Nous connaissons la Trinité avant tout parce que nous avons été baptisés
« au
nom du Père, et du Fils, et du Saint Esprit » (Mt 28, 19). La réalité trinitaire, en effet, est
d’abord ce dont on fait l’expérience dans la liturgie. Les formules trinitaires
éparses dans le nouveau Testament sont des salutations rituelles que les premiers
chrétiens utilisaient comme expression de leur charité mutuelle : « Que la grâce du
Seigneur Jésus Christ, l’amour de Dieu le Père et la communion du Saint Esprit soient avec vous tous » (2Co 13,
13). Telle est la manière dont nos pères dans la foi se souhaitaient du bien.
Aussi, on comprend que
le mystère de la Trinité et le mystère de la charité sont un seul et même
mystère. On peut accueillir sans réserve cette clef de lecture que nous fournit
saint Augustin : « Tu vois la Trinité, si tu vois la charité »[1].
Partout où la liturgie nous indique le mystère de la Trinité, c’est pour mieux
nous introduire dans la logique d’une charité ecclésiale. Que signifie que nous
ayons été baptisés dans la Trinité, sinon que nous avons été plongés dans la
charité ? Que signifie que nous nous adressions des salutations
trinitaires, sinon que nous nous parlons dans la charité ? Si le mystère
de la Trinité constitue l’horizon de toute la vie chrétienne, c’est parce que
la réalité de la charité est le cœur même de toute vraie spiritualité.
Après avoir confié à ses
apôtres le ministère baptismal (« baptisez-les… » ; Mt 28, 19), Jésus
ajoute : « apprenez-leur
à observer tout ce que je vous ai commandé » (Mt 28, 20). Qu’est-ce que Jésus a
donc commandé ? L’évangile répond évidemment à cette question en mettant
en relief les deux commandements qui sont « semblables » : « Tu aimeras le Seigneur
ton Dieu » ;
« tu
aimeras ton prochain comme toi-même » (cf. Mt 22,
36-40). Être baptisé dans l’amour et observer le commandement de l’amour, aimer
Dieu et aimer l’homme (qui est semblable à Dieu ; cf. Gn 1, 26), telle est la cohérence d’une vie
chrétienne. Et, vous le voyez, c’est bien le mystère trinitaire qui donne à
tout cela sa structure, sa logique profonde.
Il se peut, cependant,
que devant le mystère trinitaire, on ait des « doutes » (Mt 28,
17) : cette vérité d’un Dieu unique en trois Personnes dépasse tellement
ce qu’on peut concevoir. Il se peut aussi que devant l’exigence de l’amour, on
ait des doutes : ce commandement est d’une radicalité vertigineuse qui
surplombe les possibilités de notre cœur étroit et mesquin. Il est si difficile
de croire ; il est si difficile d’aimer. Dans les deux cas, le doute est
le même. Dieu peut être ce qu’il est, mais que m’importe si je suis englué dans
ma médiocrité : j’ai peur de croire, car je voudrais des preuves ;
j’ai peur d’aimer, car je crains de souffrir.
Le Christ, qui a partagé
notre misère sait bien que nous ne pouvons pas croire si nous sommes seuls, que
nous ne pouvons aimer s’il ne vient pas lui-même aimer en nous. C’est pourquoi
la dernière parole de Jésus est un mot de réconfort : « je suis avec vous tous
les jours »
(Mt 28, 20). « Tous les jours », c’est-à-dire : non
seulement quand tout va bien ; mais aussi (et surtout) quand tout va mal.
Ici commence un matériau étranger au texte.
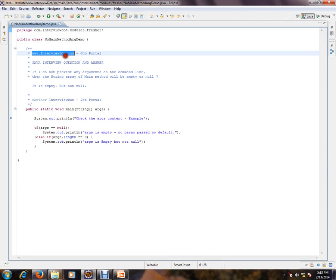Hi, this video is from interview.com. Interview.com is a job portal. If you're looking for a job, you can log on to interview.com and post your resume with us. In this video, I'm going to talk about one of the basic Java interview questions.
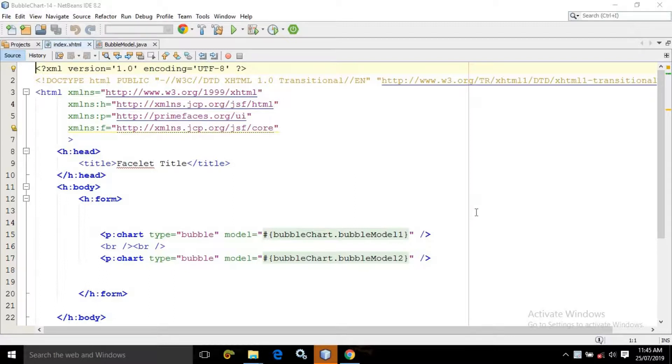Hello friends, myself Amar. Now in this video, I will discuss another PrimeFaces chart which is called the bubble chart.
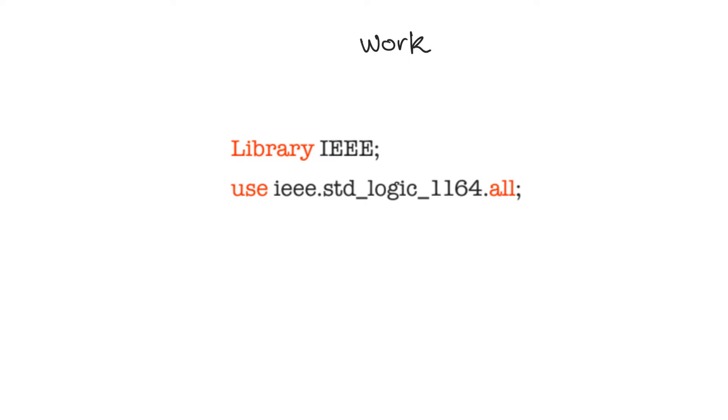The other library that we almost always use is the IEEE library. This is the syntax that we use to declare our intention to use the IEEE library, library IEEE. This is a standard line that you will find at the top of almost every VHDL design.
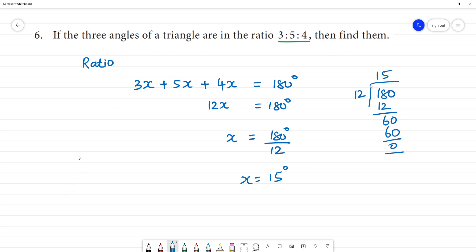So the angles: the first angle is 3x, 3x is equal to 3 multiplied by 15, that is equal to 45 degrees.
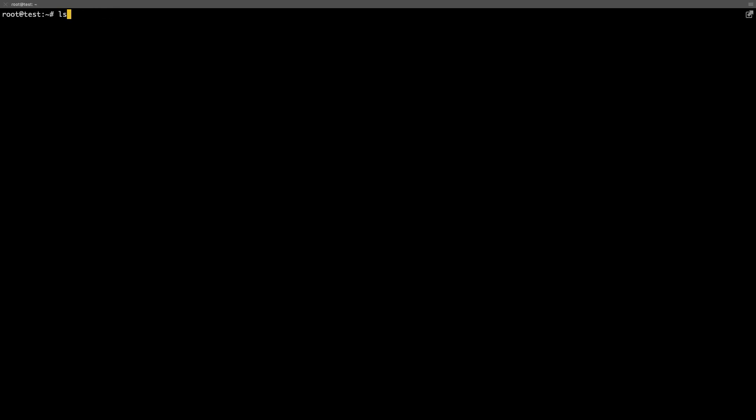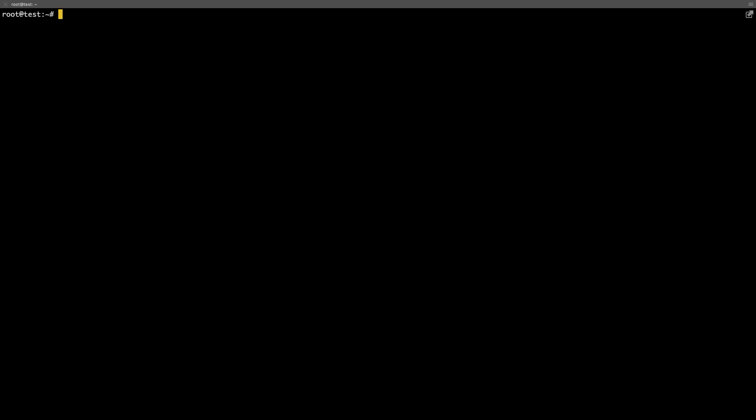If you happen to be running a Debian-based distro on your Linux server like Ubuntu, the package name for Apache is Apache2. Checking the version is just as easy as it was on CentOS, you just have to change the package name in the command. Apache2-V.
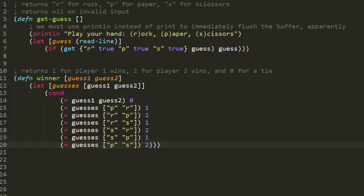That string they enter gets bound to guess. Then in the let body we have an if where the condition tests whether the guess entered is one of the three strings r, p, or s. If it is, it returns true; otherwise it returns false. When true, the if form returns the guess itself, and so the let and the function return the guess. Otherwise the if returns nil, so the let and function return nil. The condition uses a get function with a map of each valid string as a key with associated value true. If the user's entered string isn't one of those three strings, get returns nil because that key is not found in the map.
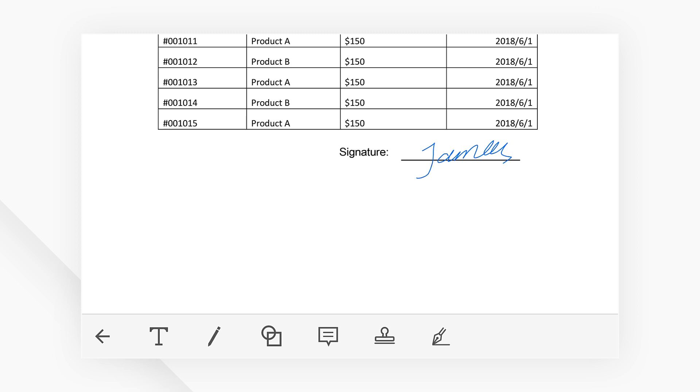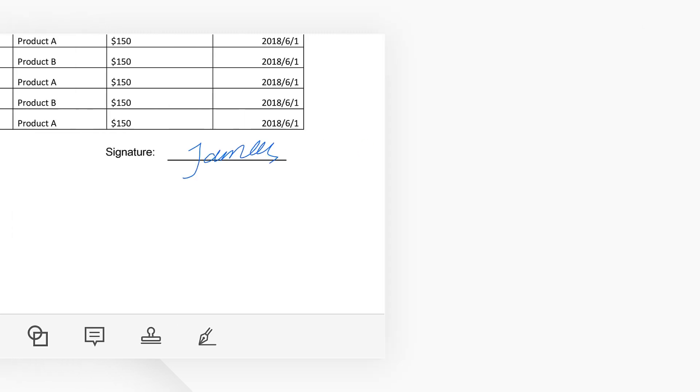If you don't have a copy of PDFelement yet, check out the link in the description to try PDFelement for free. See you next time!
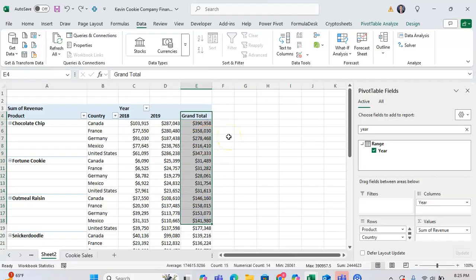So typically, to filter by something in a pivot table, you would filter using a value filter, but this doesn't work for the grand total column.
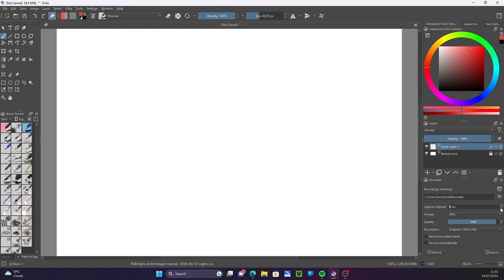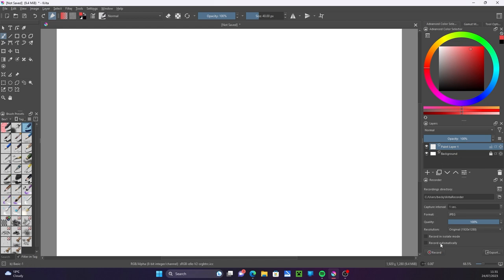Set whether you want your frames to be saved as JPEG or PNG, choose quality, choose resolution here—original full file size or half and quarter. Tick the record automatically box if you want it to record what you're doing every time you draw on the canvas.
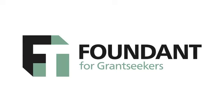GrantHub organizes and streamlines your grant seeking process, so you can have more time to spend on your mission, raise more funds, or lead a more balanced life. To learn more about GrantHub or start your free 14-day trial, please go to www.grantseekers.founded.com, call us, email us, or like us on Facebook.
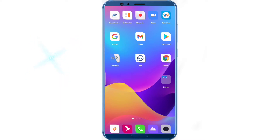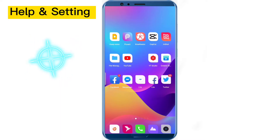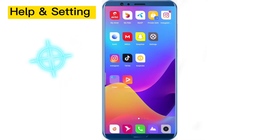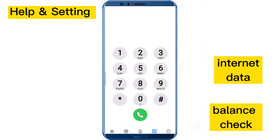Hello friend, welcome to my health and setting channel. I hope everyone is well and healthy. I come back to you with a new video — watch the full video so you don't miss information. I will show you in today's video how to check Docomo SIM internet data balance.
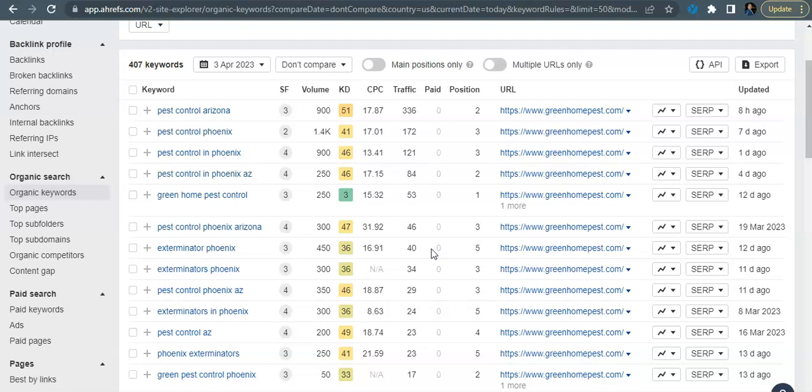Anyway, so just to recap: 1,500 words of content on your homepage, get in some of these high quality and relevant keywords in there so you can get found more by the users that are searching for them. Create some citations for your Google listing to rank high on the map pack, and then start getting better backlinks to your website so that you are more popular than your competitor and you can start ranking higher and higher for these keywords.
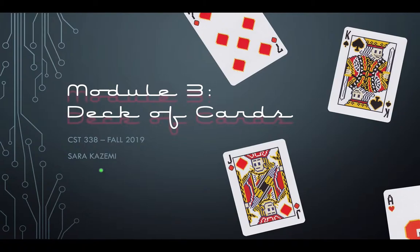Hello, my name is Sarah Kazemi, and I will be walking you through the Module 3 lab, Deck of Cards.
Jésus est avec nous dans la consolation et dans la désolation[2].
Quelle que soit donc la situation spirituelle de notre âme, favorable et
sereine, angoissée et lasse, Jésus est avec nous : il l’a promis, et il ne
peut nous décevoir.
Faire ainsi, dans la
prière de l’Eglise, l’expérience d’une charité qui nous précède, qui nous
accompagne, qui nous enveloppe, c’est déjà, autant qu’il est possible ici-bas,
« voir la Trinité ». Ce désir de voir Dieu est ainsi purifié sans
cesse par l’exigence toujours plus urgente d’une charité vraiment active. Il
n’y a pas d’autre voie possible : pour connaître Dieu, il faut aimer. A
ceux qui pensent que le mystère de la Trinité est une idée abstraite, un dogme
lointain, on peut ainsi répondre par le témoignage bien concret d’un amour
toujours plus authentique. Ainsi, « avec nous seront grâce, miséricorde et paix, de
la part de Dieu le Père et de Jésus Christ, le Fils du Père, dans la vérité et
dans la charité »
(2Jn 3).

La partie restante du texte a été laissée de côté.